**What you need to do:** Write out each record below exactly as it appears, with no pictures.

------------------------

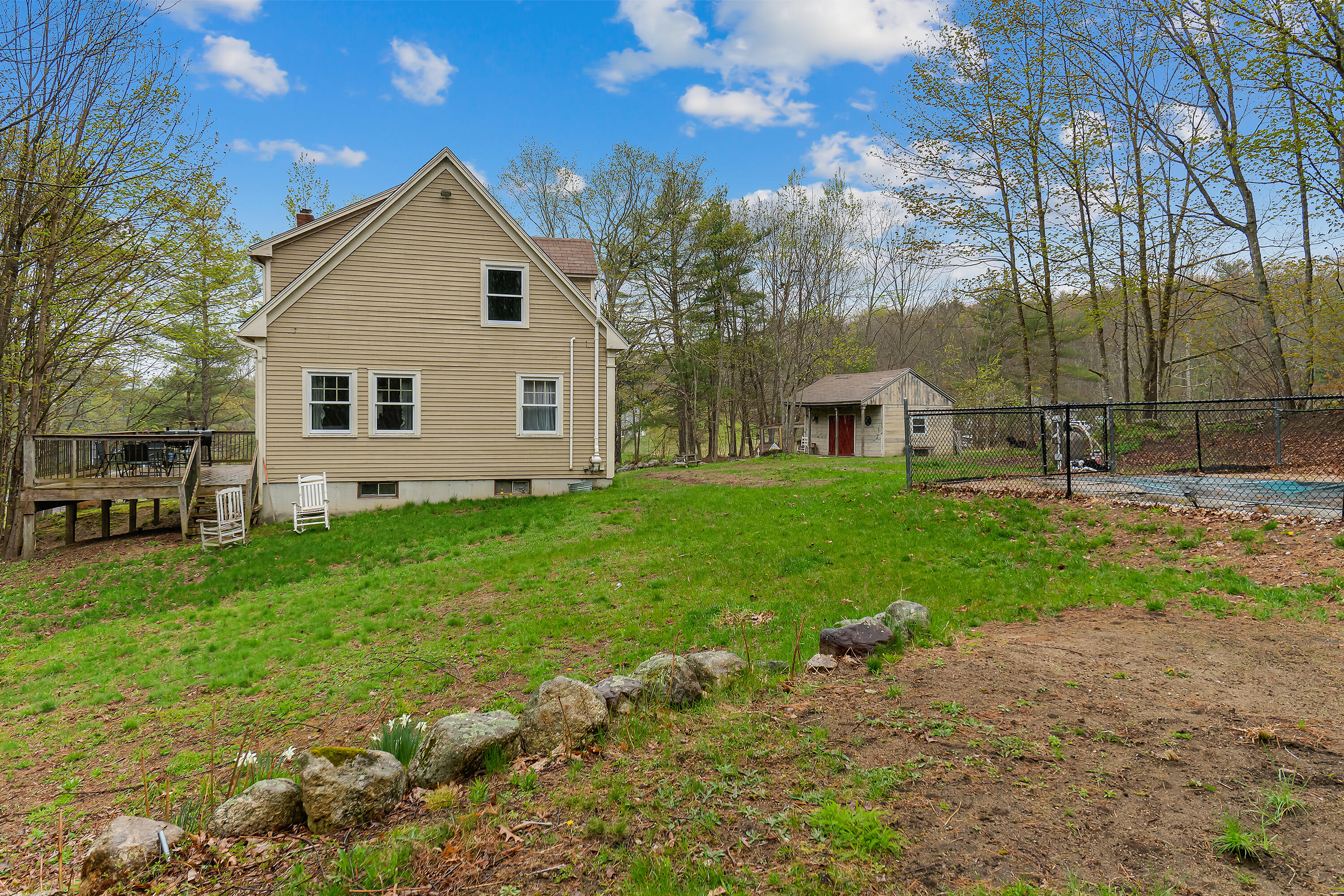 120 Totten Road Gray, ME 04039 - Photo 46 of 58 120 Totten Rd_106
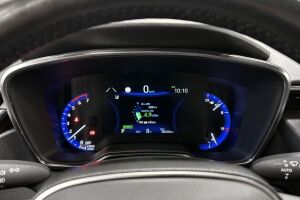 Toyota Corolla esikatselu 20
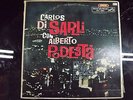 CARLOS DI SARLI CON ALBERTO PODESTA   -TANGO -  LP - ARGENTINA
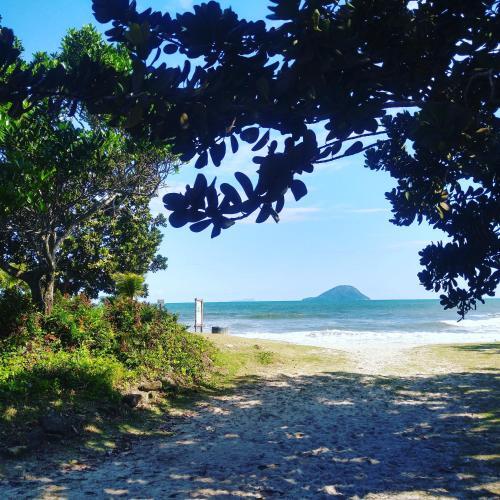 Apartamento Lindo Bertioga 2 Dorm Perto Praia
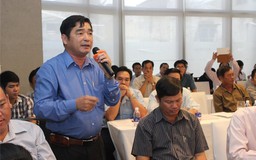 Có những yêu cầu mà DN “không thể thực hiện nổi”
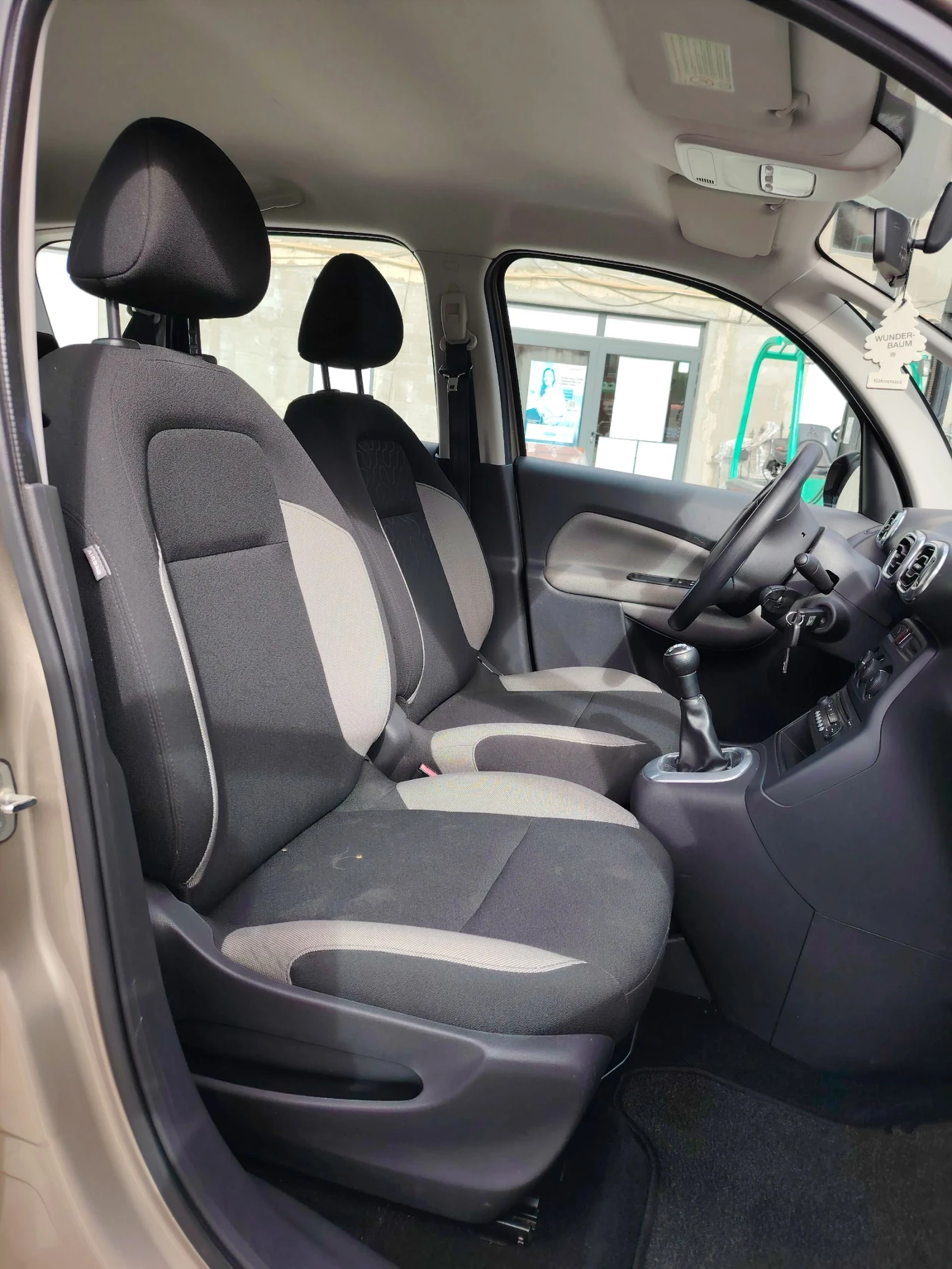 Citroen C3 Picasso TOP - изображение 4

------------------------

**Solution to the exercise:**
 120 Totten Road Gray, ME 04039 - Photo 46 of 58 120 Totten Rd_106
 Toyota Corolla esikatselu 20
 CARLOS DI SARLI CON ALBERTO PODESTA   -TANGO -  LP - ARGENTINA
 Apartamento Lindo Bertioga 2 Dorm Perto Praia
 Có những yêu cầu mà DN “không thể thực hiện nổi”
 Citroen C3 Picasso TOP - изображение 4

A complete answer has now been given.